Living in small town America I can tell you that observing the youth here gives me confidence versus what I see on TV.


----------



## sideKahr (Oct 15, 2014)

rice paddy daddy said:


> It is all in how they are raised.
> My two daughters are 40 and 38 respectively. Although neither served, they both are active in veterans service organizations. They both learned to shoot at a young age, and both are current gun owners. They are both politically conservative.
> I have no doubts my three grand daughters will be raised well too.
> 
> Living in small town America I can tell you that observing the youth here gives me confidence versus what I see on TV.


Thanks, I feel a little better now.


----------



## Chipper (Dec 22, 2012)

My nephew was down in the gun room while I was showing him around he asked me if I was a psycho?? Great kid but I wonder about my sister raising him.


----------



## Slippy (Nov 14, 2013)

sideKahr said:


> ...
> He made a comment while barrels were cooling that has stuck in my mind. He met his niece's fiancé for the first time, in from Michigan, and he was shocked at his behavior. The boyfriend called my neighbor and his dad 'racists' during seemingly normal conversation at the dinner table. And when my neighbor showed him some of his rifles, he actually ran upstairs in fear to get away from them. My neighbor calls him a real pussy, and said when our generation has died off, he worries about what will happen to the country. Wow.
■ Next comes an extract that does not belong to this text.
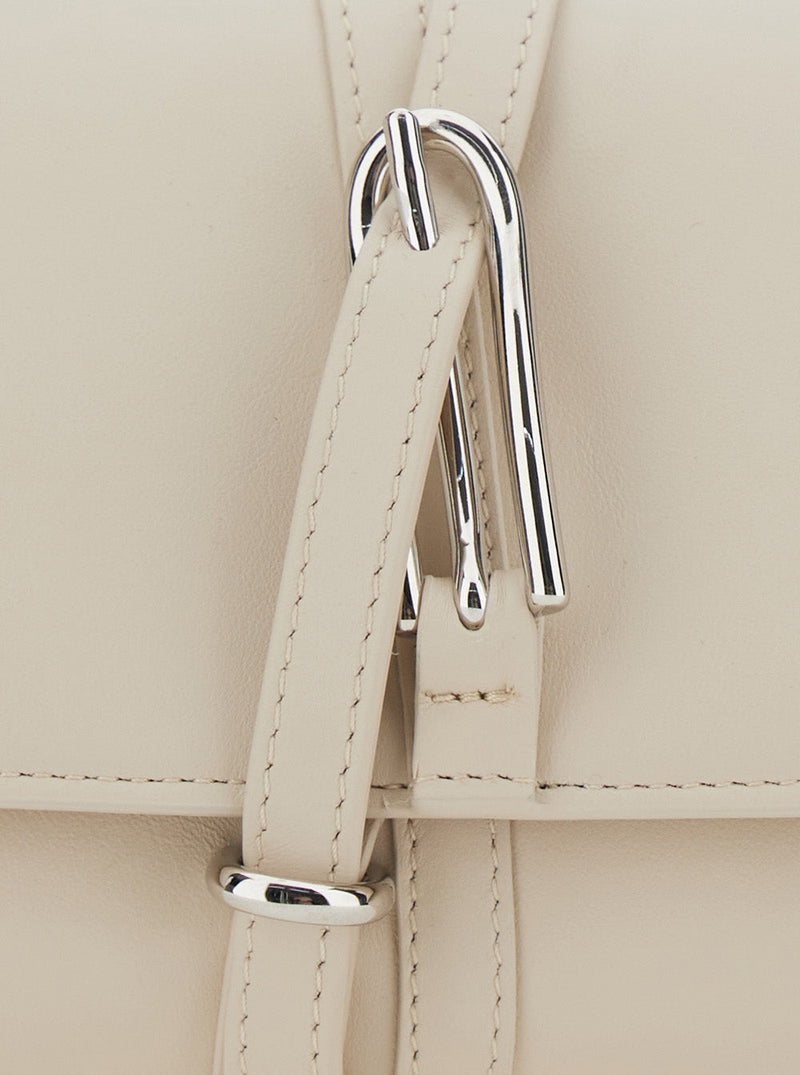 Liffner Calf Leather With Front Belt Clutch — White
I honestly believe what SideKahr described is more common than most of us think. I bet the little pussy has a whole closet full of trophy's in his parents house. And I also bet he couldn't "fill in the sport" his way out of a paper bag.

I am filled with a special kind of disdain for young people like that, but they are so fun to mess with. Usually they are serving me food in a restaurant and I can't mess with them until I get my food...if you know what I mean. None of them are productive members of society and I hope they lose the will to breath.

Thats all I should say about that.


----------



## sideKahr (Oct 15, 2014)

Slippy said:


> ...I hope they lose the will to breath.


Classic. LOL.


----------



## CourtSwagger (Jan 3, 2013)

My niece and nephews are growing up as well mannered, polite children. They were taught at an early age that they are always to treat adults with respect. Sir and Ma'am are the only proper ways to address adults. That being said, my brother and his wife are extremely liberal in their politics. I have no doubt that they are raising the kids the same way. My brother owns a Glock that our father gave to him as a present when he went to college. He just talked his wife into purchasing a pistol since she was taking the kids on a long road trip. I do know that if these kids are going to be exposed to a love of shooting, their favorite uncle is going to have to be the one to instill it in them. Personally, I am taking it as a personal challenge to make them shooting enthusiasts. 

On a side note, while I don't agree politically with my brother and my sister in law, they are excellent parents, and they are raising their children well.


----------



## Salt-N-Pepper (Aug 18, 2014)

sideKahr said:


> Thanks, I feel a little better now.


Country kids are OK. I bet there's lots of city kids who are OK too. Every generation thinks the youngsters are "hopeless". I know my dad's generation thought we were all bums because our hair was more than 1/2 inch long.


----------



## PaulS (Mar 11, 2013)

Even kids who are rasied "wrong" can turn out to be good adults. It all depends on what they choose to learn from the examples they have.


----------



## Camel923 (Aug 13, 2014)

I am unaware of all the dynamics at play, but if some one insulted my father and I at the dinner table, Dad would have them out the door on their ear before I could even move and be told get and do not ever come back.


----------



## AquaHull (Jun 10, 2012)

I'm ashamed of the current Mitten Corp. Tell me where they're at so I can school him on proper range skills.


----------



## 1skrewsloose (Jun 3, 2013)

Camel923 said:


> I am unaware of all the dynamics at play, but if some one insulted my father and I at the dinner table, Dad would have them out the door on their ear before I could even move and be told get and do not ever come back.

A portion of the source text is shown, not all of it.